Bu hükmün de sanık vekili tarafından süresinde temyizi üzerine dosya C. Başsavcılığı'nın "bozma" istekli 3.8.1990 gün ve 3398 sayılı tebliğnamesiyle 1. Başkanlığına gönderilmekle; Ceza Genel Kurulu'nca okundu, gereği konuşulup düşünüldü:
İncelenen dosyaya göre;
KARAR : Özel Daire ile Yerel Mahkeme arasındaki uyuşmazlık, TCY.nın tekerrüre ilişkin 81/2. maddesinin olayda uygulama yeri bulunup bulunmadığına ilişkindir.
Sorunun çözümü için yasal düzenlemelere ve bunların niteliğine bakmak gerekir.
Bilindiği üzere; 15.4.1987 tarihinde kabul edilerek 24.4.1987 tarihli Resmi Gazete'de yayınlanarak yürürlüğe konulan 3355 sayılı Yasa ile 647 sayılı Cezaların infazı Hakkındaki Yasanın 4. maddesinin 4. fıkrası değiştirilmiş, uygulamada asıl mahkumiyetin bu madde hükmüne göre çevrilen para cezası veya tedbir olacağı" hükmü getirilmiştir.
Ayrıntılı Ceza Genel Kurulu'nun 16.11.1987 gün ve 8-435/553, 11.4.1988 gün ve 6-86/152 ve aynı nitelikteki birçok kararında açıklandığı gibi 3355 sayılı Yasa ile 647 sayılı Yasanın 4. maddesinde yapılan bu yeni düzenleme, hem ceza nevinde değişiklik yapması, hem de tekerrür hükümlerinin uygulanmasını engellemesi yönünden usul hükmü olmayıp, maddi ceza hukuku hükmüdür.
Bu nedenle, TCY.nın 2/2. maddesinin gözönünde alınarak uygulama yapılması gerekeceği Ceza Genel Kurulu'nun yerleşmiş görüşüdür.
Hal böyle olmakla beraber, inceleme konusu davada değişik bir sorun gündeme gelmektedir.
Şöyle ki; sanık hakkında tekerrüre esas alınan mahkumiyet hükmü, Kadıköy 3. Ağır Ceza Mahkemesi'nin 28.12.1982 gün ve 205/216 sayılı; "Sanığın TCY nın 240/1. maddesi ve 647 sayılı Yasanın 4. maddesi uyarınca 3600 lira ağır para cezası ve üç ay süre ile MEMURİYETTEN YASAKLANMASINA" ilişkin hükmüdür.

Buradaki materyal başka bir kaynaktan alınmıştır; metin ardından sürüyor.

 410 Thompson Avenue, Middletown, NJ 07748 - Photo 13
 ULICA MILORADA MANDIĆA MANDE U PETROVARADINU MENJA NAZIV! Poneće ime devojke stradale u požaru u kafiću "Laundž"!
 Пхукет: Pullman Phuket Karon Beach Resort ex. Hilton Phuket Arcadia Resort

Bu hükmün öngördüğüu 3600 lira ağır para cezası 21.4.1983, üç ay süre ile MEMURİYETTEN YASAKLAMA cezası da 22.6.1983 tarihinde infaz edilmiştir. Bu haliyle tekerrüre esas alınan bu hükmün dava konusu suçun işlendiği tarihten önce infaz edildiği ve beş yıllık sürenin dolmamış bulunduğu anlaşılmaktadır.

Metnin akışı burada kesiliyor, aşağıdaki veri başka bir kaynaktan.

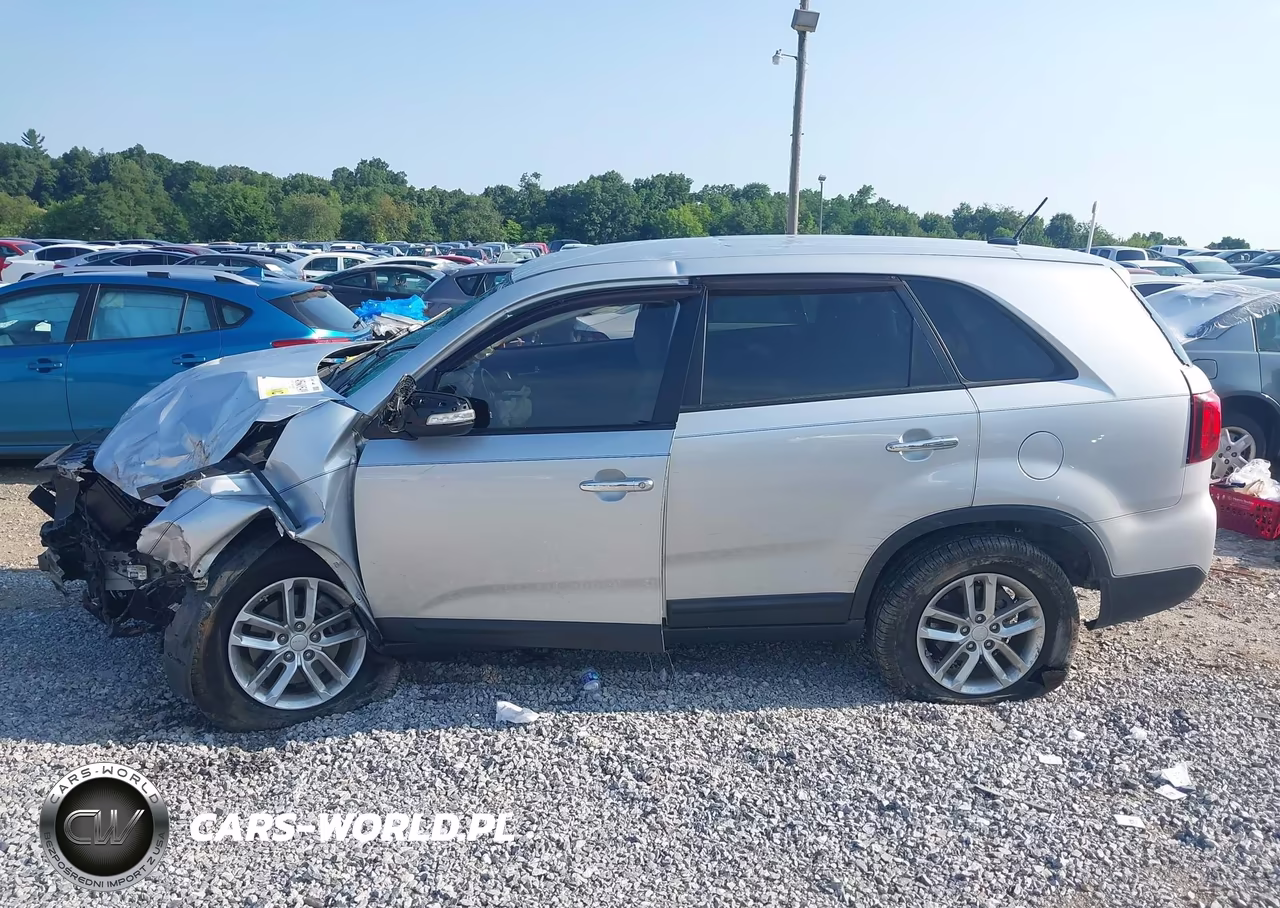 2015 Kia Sorento Lx VIN:5XYKT3A61FG613428 - 13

Tekerrüre esas alınan bu hükümde, hapis cezasından çevirme 3600 lira ağır para cezası yanında, üç ay süre ile MEMURİYETTEN YASAKLAMA cezasının da bulunduğu görülmektedir.
CYUY.nın, 3206 sayılı Yasa ile değişik 305. maddesinde temyizi kabil olmayan hükümler sayılmıştır. Buna göre "1- Üçyüzbin liraya kadar para cezalarına dair olan hükümler,
2 - ) Yukarıda haddi bir milyon lirayı geçmeden para cezasını gerektiren suçlardan dolayı verilen beraat hükümleri,
3 - ) Bu kanun ile sair kanunlarda kesin olduğu yazılı bulunan hükümler" temyiz edilemez. Bu düzenlemede " MEMURİYETTEN YASAKLAMA" " ehliyetin geri alınması" uyuşturucu madde kullanma alışkanlığı ve sarhoşluk itiyadi iptila derecesinde olan suçların "selahı tıbben tebeyyün edinceye kadar hastanede muhafaza ve tedavisine hükmolunması" "sanığın şuurunun tetkiki için resmi müessesede gözaltına alınması" gibi ceza ve tedbirlere ilişkin hükümler yer almadığından, Ceza Genel Kurulu'nun yerleşmiş görüşü doğrultusunda bütün yönleri ile Yargıtay denetimine tabidirler. Yargıtay yolunun belirtilen nedenle açık olduğu bu hükümler ittihaz edildikleri anda kesin hüküm etkisini taşınmadıklarından tekerrüre esas alınmaları gerekir.
O halde uyuşmazlık konusu olayda, sanığın tekerrüre esas alınan mahkumiyet kararında, hapisten çevirme ağır para cezasına ek olarak "üç ay süre ile MEMURİYETTEN YASAKLAMA " cezası bulunmasaydı Özel Daire kararında belirtildiği gibi tekerrüre esas alınamayacağı açıktı. Ancak, ek olarak "MEMURİYETTEN YASAKLAMA" cezası da bulunduğuna ve bu haliyle 3355 sayılı Yasa ile CYUY.nın 305. maddesi karşısında Yargıtay denetimine tabi bulunmasına ve verildiği anda kesin hüküm niteliği taşımamasına göre TCY.nın 81/2. maddesinde öngörülen diğer koşullarda bulunduğundan, değişik bu gerekçe ile Yerel Mahkeme uygulaması isabetlidir. Sair yönleri de usul ve yasaya uygun bulunan hükmün bu itibarla onanmasına karar verilmelidir.
SONUÇ : Açıklanan nedenlerle, sanık müdafilinin temyiz itirazları ile tebliğnamedeki düşünce yerinde görülmediğinden reddiyle sair yönleri de usul ve yasaya uygun bulunan hükmün bu değişik gerekçe ile ONANMASINA, 22.10.1990 gününde 2/3'ü aşan oyçokluğuyla karar verildi.